Il traghetto salpa veloce. A bordo ci sono solo il signor Gino e l’equipaggio. Comincia a piovere intanto. Forte. Sempre più forte.
Il signor Gino resta sul ponte. In fondo alle retine il gol di Nenè, il faro precipitato e quel pandemonio scatenato per riportarlo verso casa. Un fulmine imbianca il cielo. Un cielo strano. Quasi finto.
E al signor Gino, per la prima volta nella vita, nella sua vita normale, nasce un dubbio, un leggero, sinuoso, malefico dubbio. Allora armeggia nella cassetta degli attrezzi che gli sta davanti sul ponte, toglie giubbotti e salvagenti, fruga ancora. E afferra la pistola di segnalazione lanciarazzi. Poi si avvia, sale le scale con calma, lo sguardo fisso davanti a se’, deciso. Apre lentamente la porta dell’ultima sala, in cima alla nave. Il comandante lo vede e gli va incontro. Il timoniere fa una faccia stupita. Un altro marinaio butta lontana una cosa che somiglia molto a una telecamera. Il signor Gino alza la pistola. La punta in faccia al comandante. Ordina di cambiare rotta. Se non lo fanno, spara. Se provano a fermarlo, spara. Se muovono un solo muscolo, spara.
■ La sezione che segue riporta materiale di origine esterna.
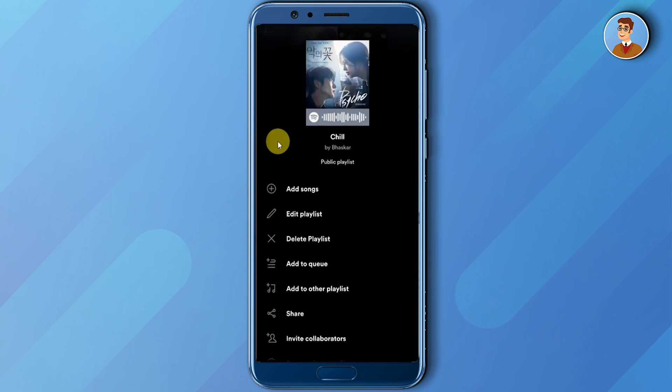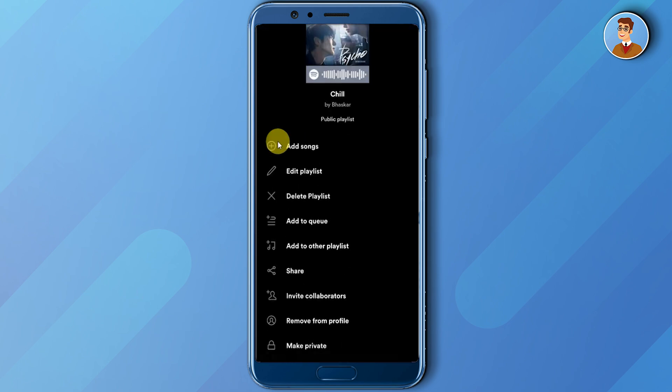As you can see, there is no particular option in which you can see who exactly liked your playlist.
La tempesta cresce. Il signor Gino si puntella contro una parete. La lanciarazzi sempre puntata verso i marinai.
Il timoniere prova a dire che con quel tempo è saggio fermare i motori, tornare verso Cagliari. Non si può andare avanti verso il nulla. Il razzo che frantuma il vetro della sala conferma le promesse del signor Gino. Si va avanti. Fino in fondo. Stavolta.
Già, in fondo.
In fondo alla tempesta, in fondo al mare buio, in fondo alla trasferta di Cagliari, il signor Gino ci arriva. In fondo alla sua vita normale.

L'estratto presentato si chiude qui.